Oleh: Usamah Muqimuddin (Mahasiswa Akademi Al Qur’an FKAM)
Syukur alhamdulillah menjadi kalimat pembuka kita pada kesempatan kali ini, atas limpahan nikmat dan karunia yang Allah berikan kepada kita seperti nikmat sehat, sempat, dan tentunya nikmat keimanan yang Allah tancapkan pada hati kita. Semoga dengan syukur yang kita senantiasa panjatkan kepada Allah, kita termasuk hamba-hamba-Nya yang bersyukur.
Kedua kalinya sholawat bertangkaikan dengan salam selalu kita junjung haturkan kepada sang suri tauladan, Nabi akhir zaman, baginda besar Nabi Muhammad SAW.
Bapak Ibu yang dirahmati Allah. Sebelumnya saya mau nanya, bagiamana kabarnya Pak, Buk? Sehat nggih? Alhamdulillah semoga tidak hanya sehat jasmaninya saja, tetapi rohaninya juga sehat dan dengan kesehatannya itu dapat menambah taat kita kepada Allah. Allahumma? Aamiin.
Bapak Ibu yang dirahmati Allah. Di dalam perjalanan kehidupan kita di dunia ini, maka tidak akan mungkin kita terlepas dari pada ujian dan cobaan. Baik kita orang kaya, baik kita orang gak punya, baik kita rakyat biasa, baik kita pejabat atau bahkan ustad sekalipun tidak akan lepas daripada ujian dan cobaan dari Allah SWT.

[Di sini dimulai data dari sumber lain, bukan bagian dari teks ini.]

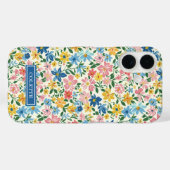Blaue und gelbe Ditsy-Blumen monogrammiert Case-Mate iPhone Hülle (Rückseite (Horizontal))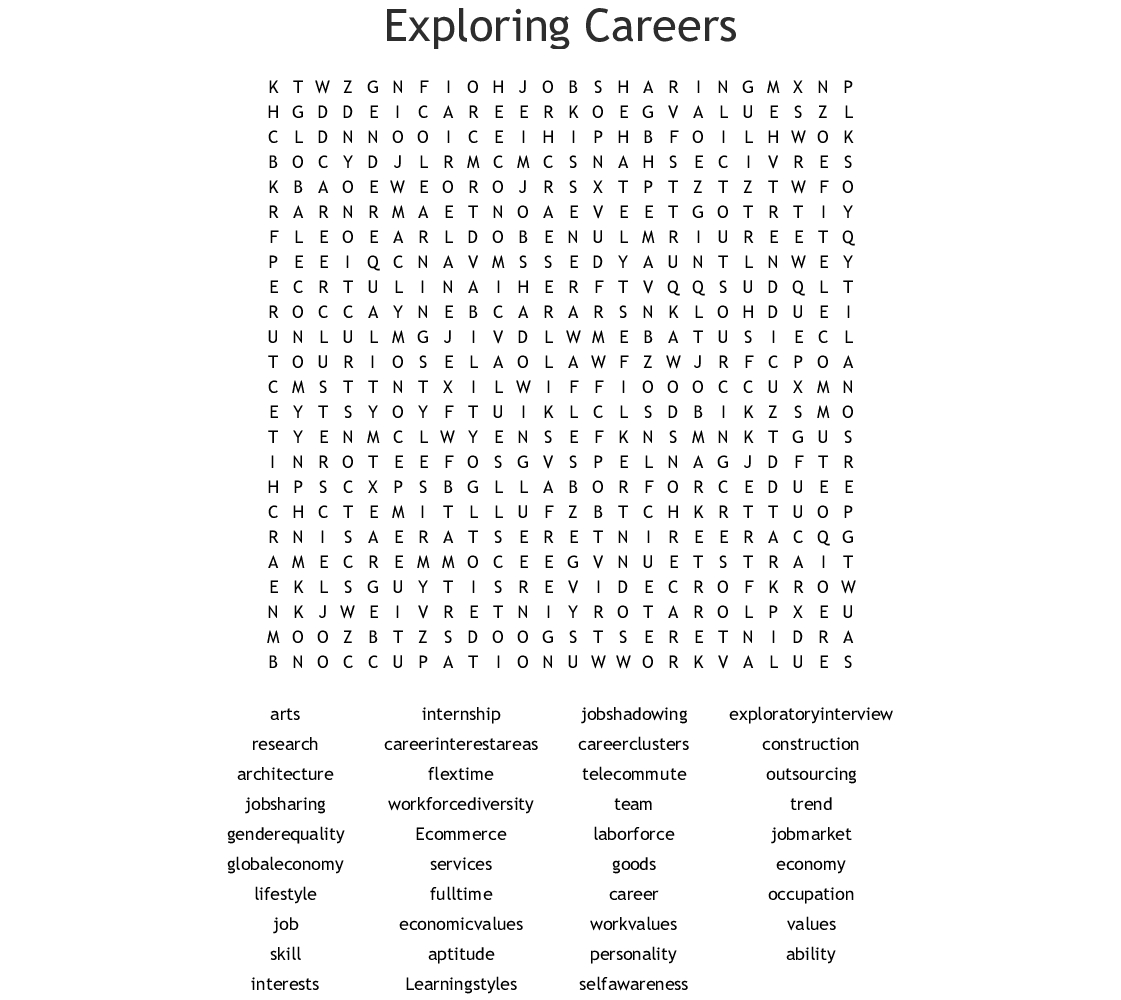 Exploring Careers Word Search - Wordmint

Karena memang kehidupan dunia ini adalah tempatnya ujian, sebagaimana terdapat dalam salah satu qoul ulama yang berbunyi:
“Dunia adalah tempatnya ujian”.
Setelah kita mengetahui bahwa dunia adalah tempatnya ujian dan cobaan, lalu bagiamana sih sikap yang harus kita ambil dalam menghadapi ujian yang Allah berikan kepada kita? Tetapi sebelum kita beranjak ke pembahasan itu, mari kita pahami dulu konteks ujian yang Allah SWT berikan kepada kita.
Bapak Ibu yang dirahmati Allah. Ternyata yang ujiannya paling berat itu bukan Bapak atau Ibu yang hadir, bukan juga saya, lalu siapa yang sebenarnya yang ujiannya itu paling berat? Maka jawabannya adalah para nabi yang diutus oleh Allah SWT.
Bapak Ibu yang dirahmati Allah. Ada sebuah pertanyaan yang diajukan oleh salah satu jamaah di sebuah kajian, kurang lebih pertanyaannya seperti ini, “Bismillah. Assalamu’alaikum warahmatullahi wabarakatuhu. Ustad, ana ada sebuah pertanyaan. Di dalam QS. Asy-Syuaraa: 30, Allah SWT berfirman, ‘Dan apa saja musibah yang menimpa kamu, maka disebabkan oleh perbuatan tanganmu sendiri, dan Allah Ta’ala memaafkan sebagian besar (dari kesalahan-kesalahanmu)’. Dan dalam sebuah hadits disebutkan (yang intinya adalah) bahwa para nabi yang Allah Ta’ala utus adalah orang-orang yang mendapatkan ujian-ujian yang paling berat. Lalu bagaimana cara untuk memahami persoalan di atas? Karena jika musibah disebabkan oleh dosa dan maksiat kepada Allah Ta’ala, maka mengapa para nabi justru adalah orang-orang yang ujiannya paling berat, sedangkan kita tahu bahwa mereka semua itu ma’shum? Jazakumullah khayr atas jawabannya”.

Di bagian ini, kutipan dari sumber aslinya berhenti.